元売れない芸人の独り言

元売れない芸人がキン肉マンについて語っています。キン肉マンアニメ化祈願。

THE MANZAI2011で爪痕を残した人たち〜その1 チキチキジョニー〜

「爪痕を残す」とい表現を最初に使ったのは誰だったか。M−1から発信された言葉だったと思うが、誰だったかハッキリとは覚えていない。松本人志さん(以下松本師)がその後何度か「爪痕残したな」と言って定着させたが、松本師発信か…というと、ちょっと自信がない。松本師発信問題(?)は多く、「辛ッ!」とか「熱ッ!」のように、「い」を省略させたリアクション、ツッコミなどがグレーゾーンとして有名。日本中に広めたのは間違いなく松本師なのだが、言い出したのはFUJIWARA原西氏だと言われる。確かにそれもあり得る。松本師発信の言葉も多くあるが、後輩の言ってる面白い言い回し、面白いノリを率先して取り入れられたりもする。その辺はまた改めてまとめてみたい。

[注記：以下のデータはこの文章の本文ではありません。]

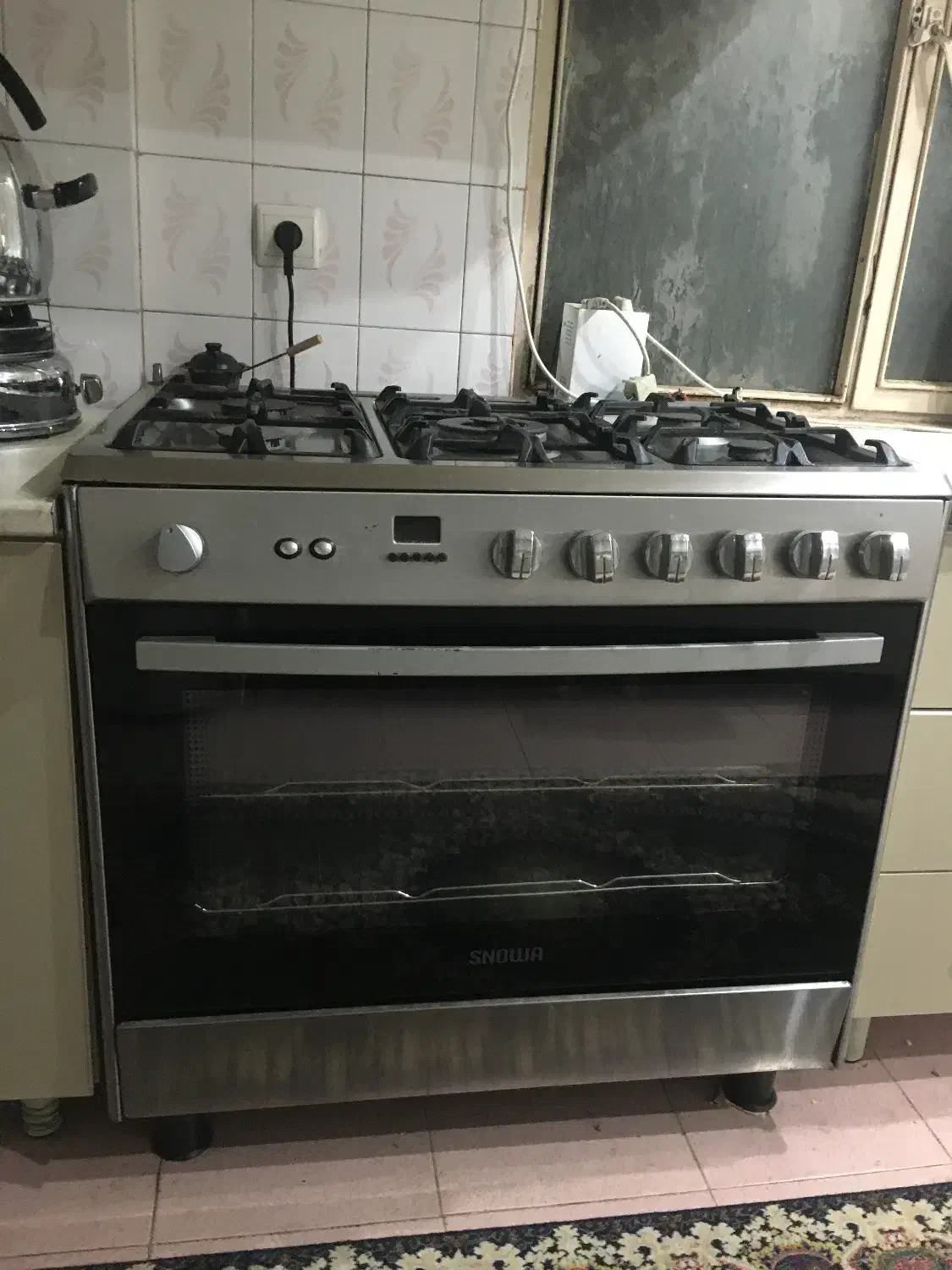 اجاق گاز فردار اسنوا سالم کارکرده|اجاق گاز و لوازم برقی پختوپز|تهران, مسعودیه|دیوار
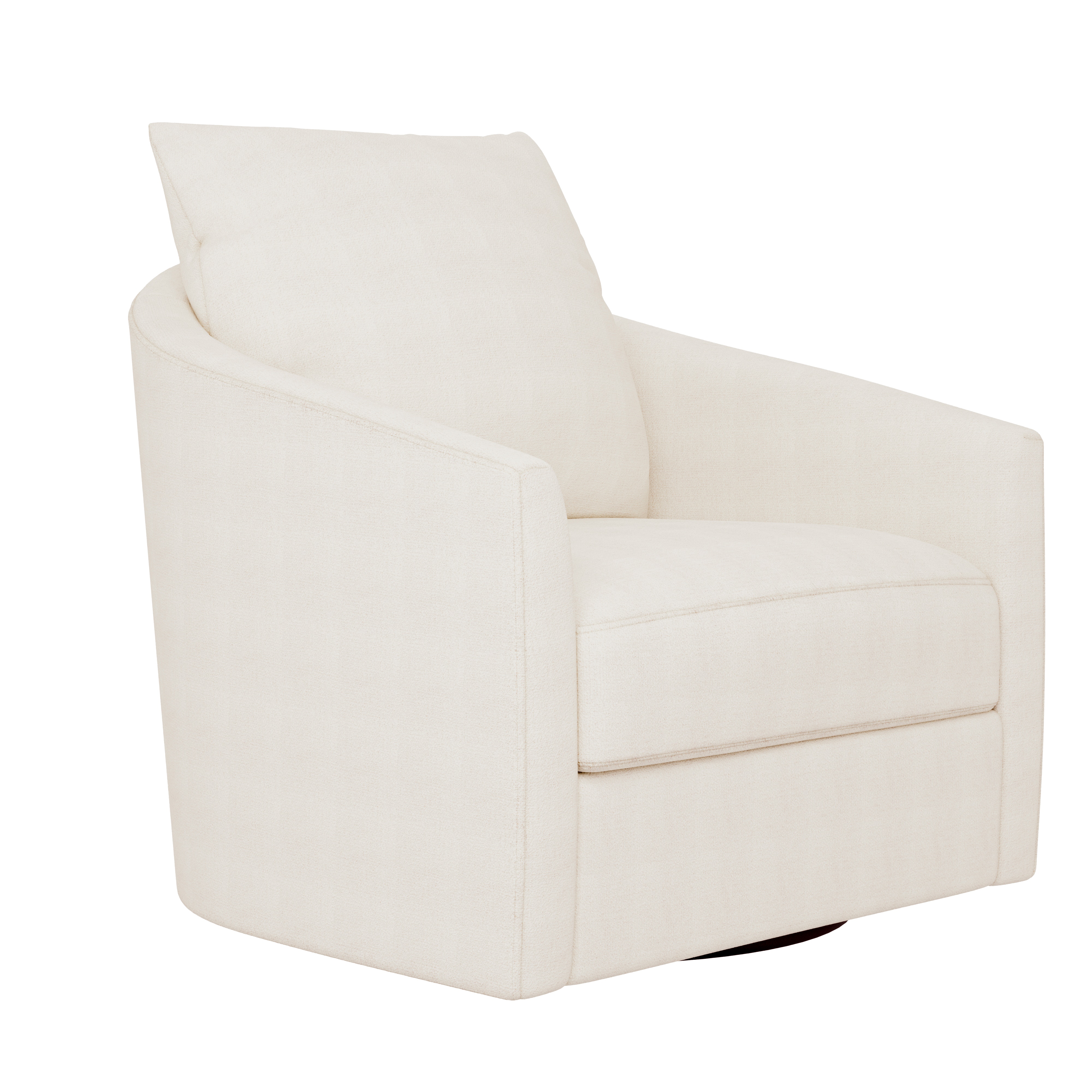 Bernhardt Interiors Living Room Astoria Fabric Swivel Chair N9022S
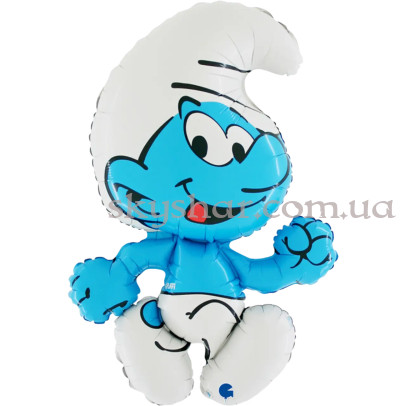 Фольгированный шар фигура "Смурфик" – фото 1 Фольгированный шар фигура "Смурфик" – фото 1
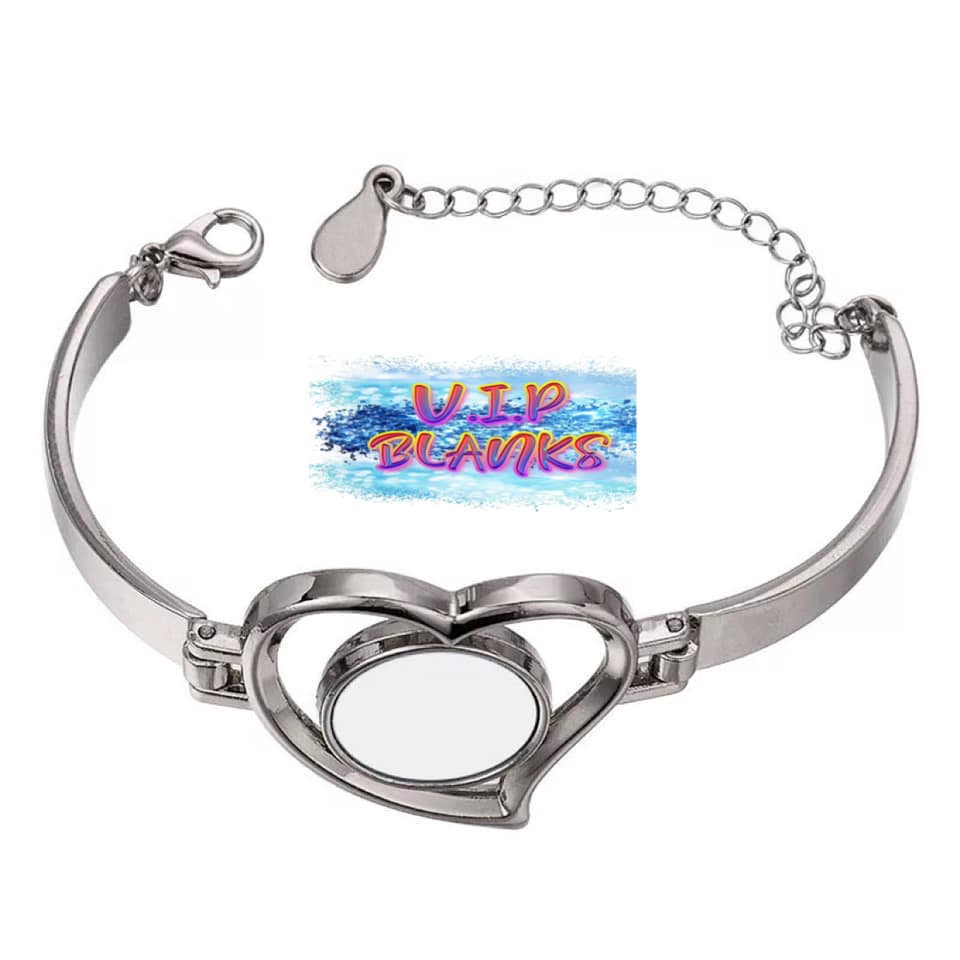 Sublimation heart bracelet Personalized Gift, Blank – vipblanks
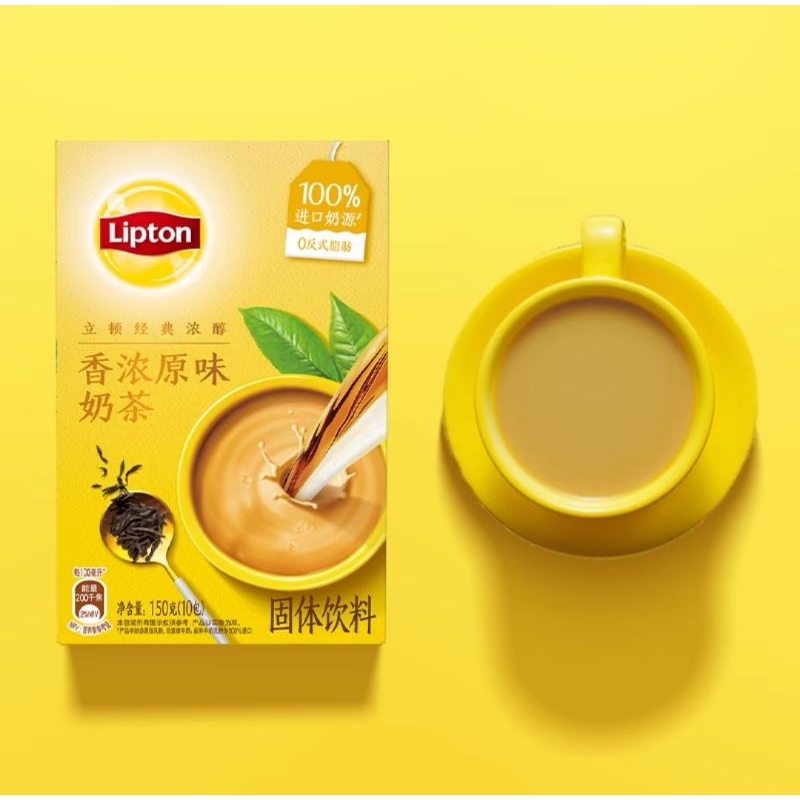 Lipton​ คลาสสิค​ ริช ชานมออริจินัล​ 0​ ไขมัน​ท​รานส์​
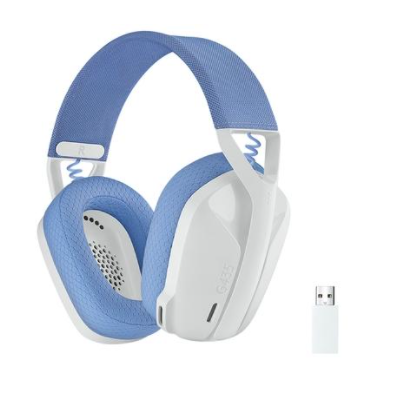 Headset Gamer Sem Fio Logitech G435, Lightspeed e Bluetooth, Dolby Atmos, USB, PC, PS4, PS5, Mobile, Drivers 40mm, Branco – 981-001073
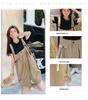 French Summer Women's Slim Korean Style Wide-Leg Casual Overall Shorts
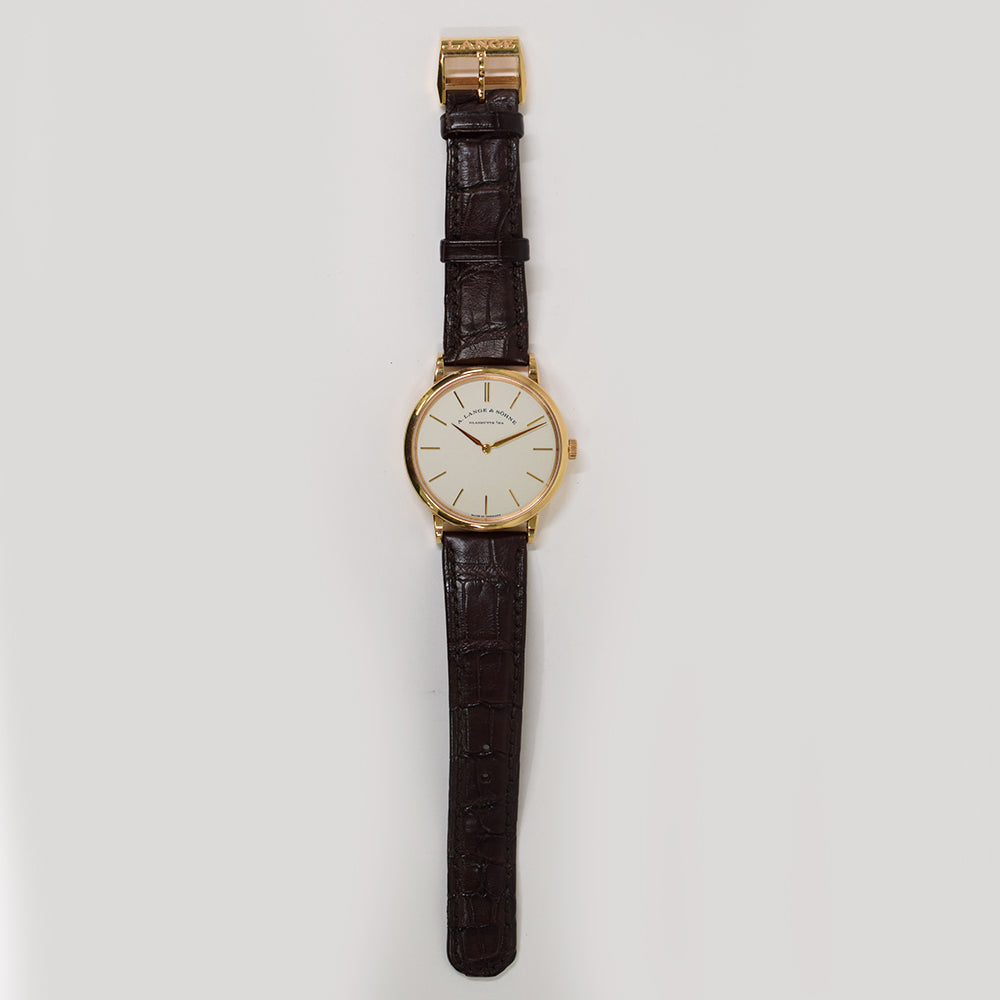 Saxonia Thin 37mm Rose Gold Manual Winding 201.033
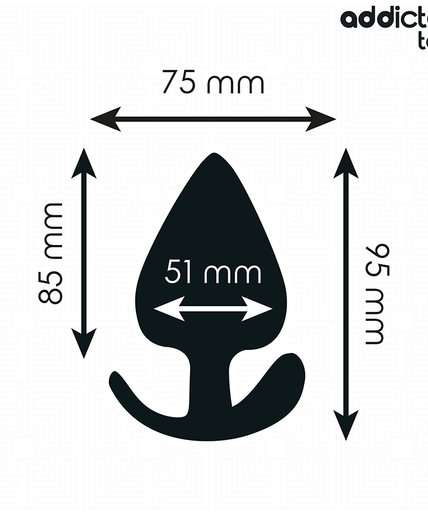 ADDICTED TOYS - ANAL PLUG SILICONE SIZE XL 9.5 CM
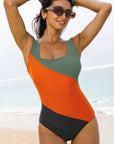 Oakleigh Padded Square Neck One Piece Swimsuit
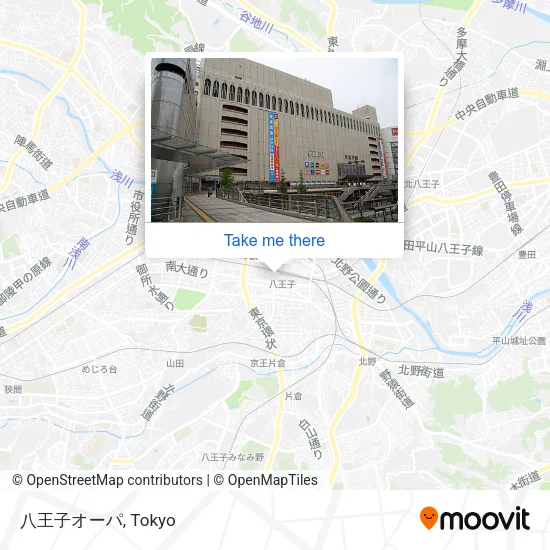 八王子オーパ map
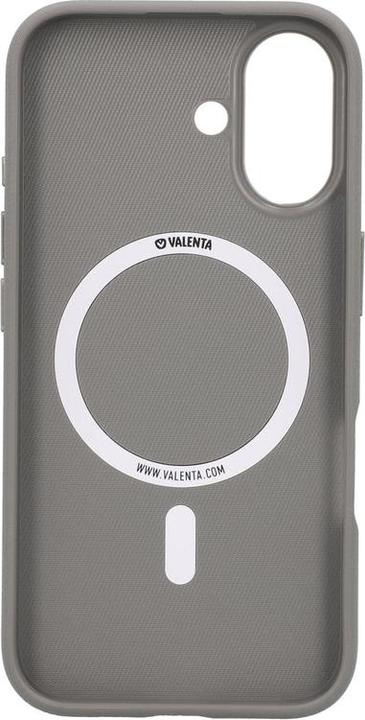 Actual product image Valenta Back Cover Magsafe Style iPhone 16 Grau, Grundfarbe (Apple iPhone 16)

とにかく「優勝してもしなくても、小さくまとまらず、見ている人の記憶に残るようにする」というような意味。そしてこれこそが、大会で初めて世に出るコンビの最低にして最高の命題であり、できたときは、優勝者を超えるほどのインパクトを出すことができる。2009年のオードリー、2010年のスリムクラブがまさにそうで、次の年、優勝者の10倍は露出することができたのではないだろうか。他にもU字工事さんや南海キャンディーズさん、もちろん笑い飯さんと「爪痕を残した」コンビは数組いて、皆スターダムにのし上がっている。

そして今大会にも爪痕を残したコンビは数組いた。…まあまだ日が経ってないので実際に仕事が増えるかどうかはわからないが、私の心と、ネット上で優勝者よりも盛りあがっているコンビはいる。その一組がチキチキジョニーさんだ。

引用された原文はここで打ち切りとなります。